Thursday, July 22, 2004

Ra Ra Rasputin

It wouldn't be summer on the island without a trifling little scandal to liven up the pages of the local newspapers--something more entertaining than the perennial July news of the heat or the annual arrival of the Spanish royal family, which happens to be disappointingly discreet compared to their Northern brethren. In this case, a Mallorquin government official happened to be on a trade mission to Moscow to promote tourism in the Baleares. A gesture of international goodwill and cultural tourism led him (and probably other more clever goverment representatives) to the doors of the Rasputin club, and the accomodating ladies therein. The affinity of politicians for women of ill repute being rather universal, the distinguishing factor here, without which it might not have become public knowledge, was charging the invoice to a government credit card.
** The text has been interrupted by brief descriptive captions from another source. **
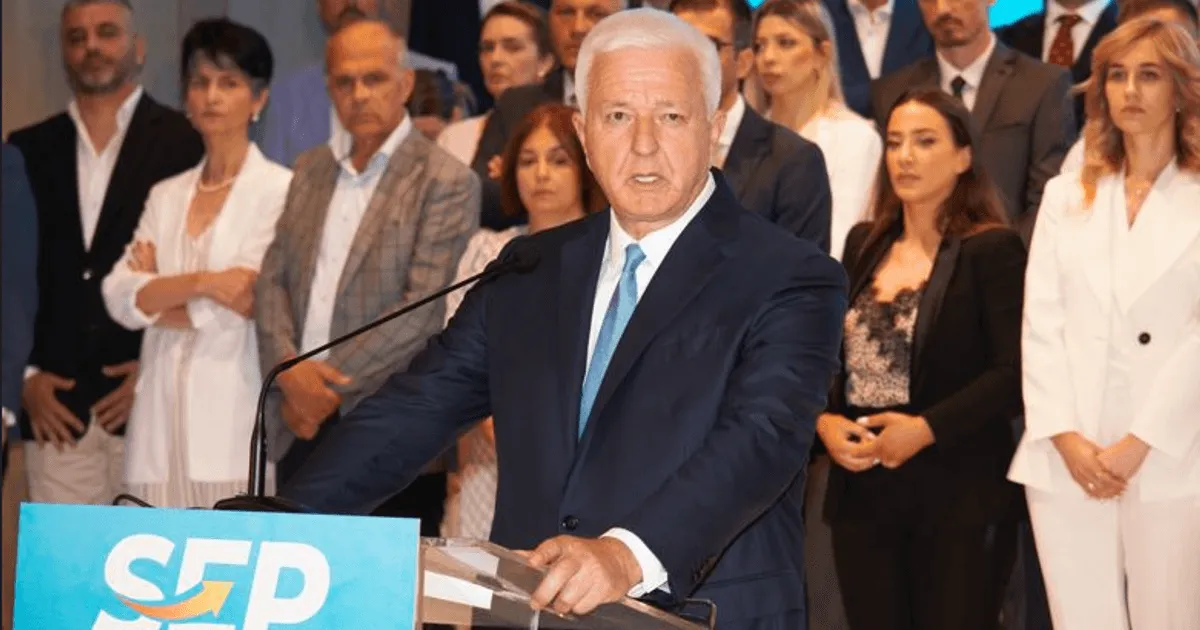 Stranka evropskog progresa o slučaju Žabljaka: Nastavak prekrajanja zakona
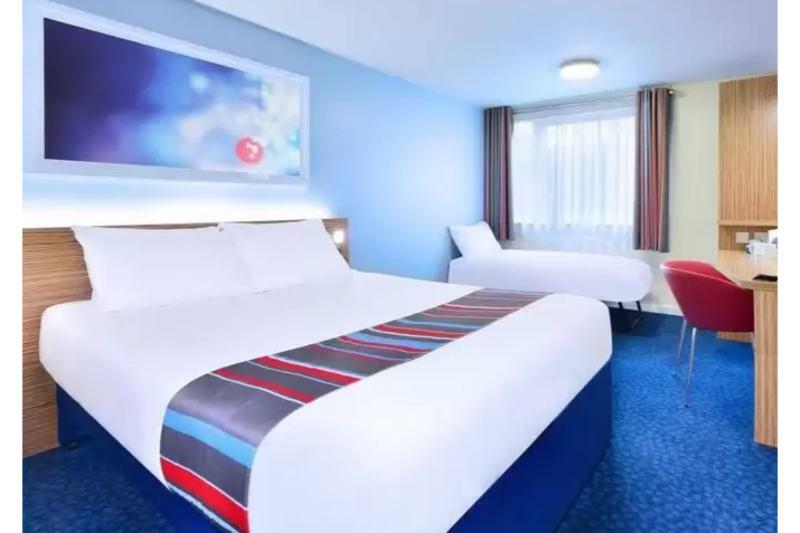 Travelodge London City 외부 사진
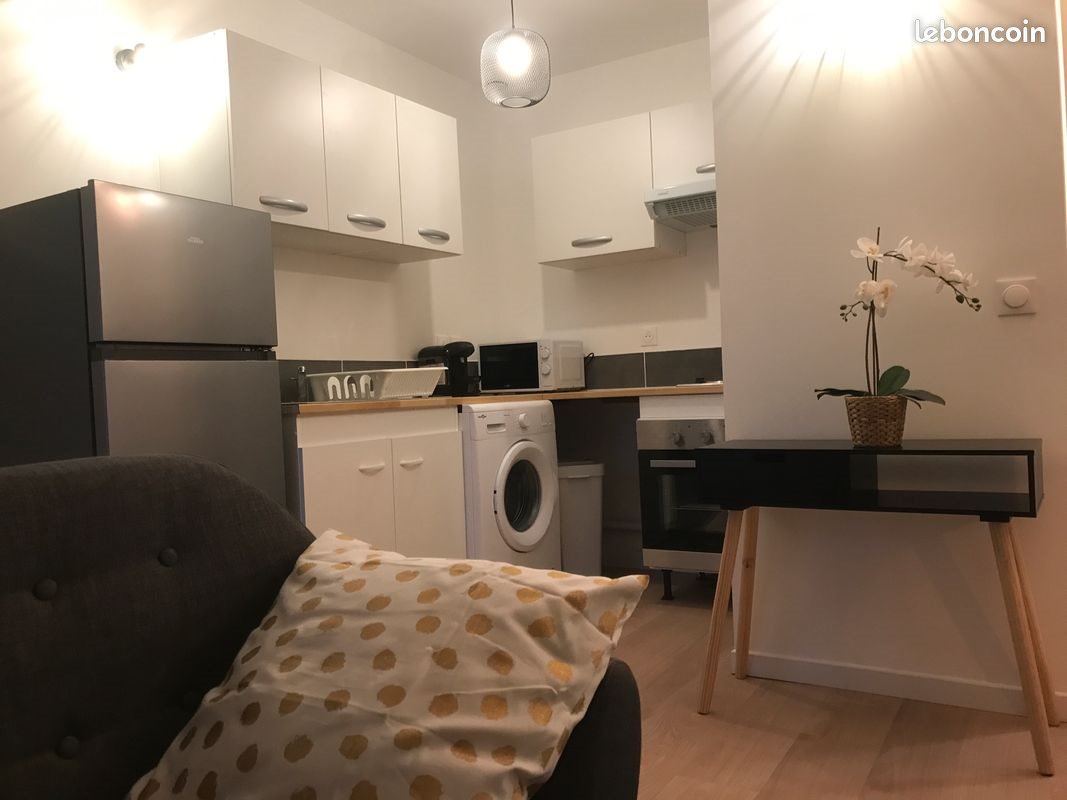 Appartement à louer, 22m², Louviers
Apparently the risk of auditors and journalists discovering the caper represented less of a clear and present danger than using a personal credit card, monitored by his wife.

The true entertainment value of scandal lies in the associated production of metaphors and puns, in this case, Russian doll imagery for the unfolding layers of scandal and the ressemblance between the words "Rasputin," and the Spanish "putin" (diminutive for prostitute) and "puticlub" (sporting club for activities related to the aforementioned).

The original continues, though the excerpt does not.